## WORK REQUIRED
The records sit below. Return every line in them that holds the word "Hill".

+++ DATA FOR THIS EXERCISE

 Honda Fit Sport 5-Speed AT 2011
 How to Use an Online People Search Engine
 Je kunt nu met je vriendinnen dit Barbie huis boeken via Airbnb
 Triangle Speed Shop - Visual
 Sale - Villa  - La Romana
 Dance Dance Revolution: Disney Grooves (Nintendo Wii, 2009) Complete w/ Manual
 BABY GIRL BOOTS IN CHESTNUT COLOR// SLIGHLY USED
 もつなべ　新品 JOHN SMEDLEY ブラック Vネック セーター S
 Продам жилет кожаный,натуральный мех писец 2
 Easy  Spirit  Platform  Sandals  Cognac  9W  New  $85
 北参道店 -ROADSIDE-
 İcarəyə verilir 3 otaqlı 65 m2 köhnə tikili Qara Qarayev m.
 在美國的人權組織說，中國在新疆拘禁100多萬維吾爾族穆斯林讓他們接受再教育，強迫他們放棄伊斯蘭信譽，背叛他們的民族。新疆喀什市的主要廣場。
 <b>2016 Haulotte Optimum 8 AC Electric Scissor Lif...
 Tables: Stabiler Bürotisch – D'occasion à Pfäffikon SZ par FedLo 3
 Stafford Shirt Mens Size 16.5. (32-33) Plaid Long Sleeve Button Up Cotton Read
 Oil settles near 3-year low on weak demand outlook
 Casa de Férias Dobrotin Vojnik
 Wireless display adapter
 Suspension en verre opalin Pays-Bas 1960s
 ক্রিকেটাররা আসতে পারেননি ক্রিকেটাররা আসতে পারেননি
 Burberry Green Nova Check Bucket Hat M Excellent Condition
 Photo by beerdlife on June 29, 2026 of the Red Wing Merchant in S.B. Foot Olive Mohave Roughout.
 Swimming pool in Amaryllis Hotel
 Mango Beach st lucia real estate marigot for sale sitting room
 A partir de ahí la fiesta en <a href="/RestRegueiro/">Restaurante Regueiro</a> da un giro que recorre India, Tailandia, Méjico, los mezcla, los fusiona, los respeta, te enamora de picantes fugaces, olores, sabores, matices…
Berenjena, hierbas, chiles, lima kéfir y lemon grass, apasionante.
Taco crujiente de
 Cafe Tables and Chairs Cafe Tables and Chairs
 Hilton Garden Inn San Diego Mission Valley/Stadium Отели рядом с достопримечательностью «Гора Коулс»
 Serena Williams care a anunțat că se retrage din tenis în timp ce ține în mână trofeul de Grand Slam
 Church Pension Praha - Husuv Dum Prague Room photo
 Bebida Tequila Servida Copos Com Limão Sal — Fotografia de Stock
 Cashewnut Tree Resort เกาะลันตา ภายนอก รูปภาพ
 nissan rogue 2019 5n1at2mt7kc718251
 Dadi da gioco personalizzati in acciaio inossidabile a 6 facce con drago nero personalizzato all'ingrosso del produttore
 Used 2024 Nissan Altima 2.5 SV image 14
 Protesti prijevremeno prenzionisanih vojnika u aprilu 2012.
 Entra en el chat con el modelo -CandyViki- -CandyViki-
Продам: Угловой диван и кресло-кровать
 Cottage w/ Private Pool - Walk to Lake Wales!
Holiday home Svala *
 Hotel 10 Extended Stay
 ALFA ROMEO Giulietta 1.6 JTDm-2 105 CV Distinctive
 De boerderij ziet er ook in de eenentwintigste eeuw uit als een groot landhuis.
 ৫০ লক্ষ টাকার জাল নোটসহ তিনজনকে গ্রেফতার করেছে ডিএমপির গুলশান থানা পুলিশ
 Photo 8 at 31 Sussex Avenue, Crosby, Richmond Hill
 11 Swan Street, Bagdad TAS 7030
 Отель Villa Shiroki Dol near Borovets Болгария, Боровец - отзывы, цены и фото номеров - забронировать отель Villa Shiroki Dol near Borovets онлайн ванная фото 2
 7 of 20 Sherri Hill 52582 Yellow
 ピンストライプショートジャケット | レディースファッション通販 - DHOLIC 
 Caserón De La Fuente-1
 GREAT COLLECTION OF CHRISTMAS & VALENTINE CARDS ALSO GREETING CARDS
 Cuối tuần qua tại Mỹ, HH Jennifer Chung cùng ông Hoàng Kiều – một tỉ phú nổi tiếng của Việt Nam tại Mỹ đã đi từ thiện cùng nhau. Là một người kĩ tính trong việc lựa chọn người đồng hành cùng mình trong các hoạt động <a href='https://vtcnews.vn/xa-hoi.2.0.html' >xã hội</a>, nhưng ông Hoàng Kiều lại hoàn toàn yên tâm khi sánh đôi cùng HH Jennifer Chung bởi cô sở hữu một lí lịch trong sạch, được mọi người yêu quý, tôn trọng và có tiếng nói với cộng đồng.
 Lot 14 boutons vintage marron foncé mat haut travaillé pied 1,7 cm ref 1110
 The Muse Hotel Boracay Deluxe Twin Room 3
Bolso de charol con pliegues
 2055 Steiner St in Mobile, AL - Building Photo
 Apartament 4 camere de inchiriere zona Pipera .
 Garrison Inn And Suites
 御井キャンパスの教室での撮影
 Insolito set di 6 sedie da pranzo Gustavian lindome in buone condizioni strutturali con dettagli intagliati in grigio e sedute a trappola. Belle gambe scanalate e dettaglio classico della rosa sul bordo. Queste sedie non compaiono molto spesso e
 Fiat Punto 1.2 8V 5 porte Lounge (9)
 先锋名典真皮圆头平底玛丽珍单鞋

++++++

## PROBLEM SOLUTION
 Photo 8 at 31 Sussex Avenue, Crosby, Richmond Hill
 7 of 20 Sherri Hill 52582 Yellow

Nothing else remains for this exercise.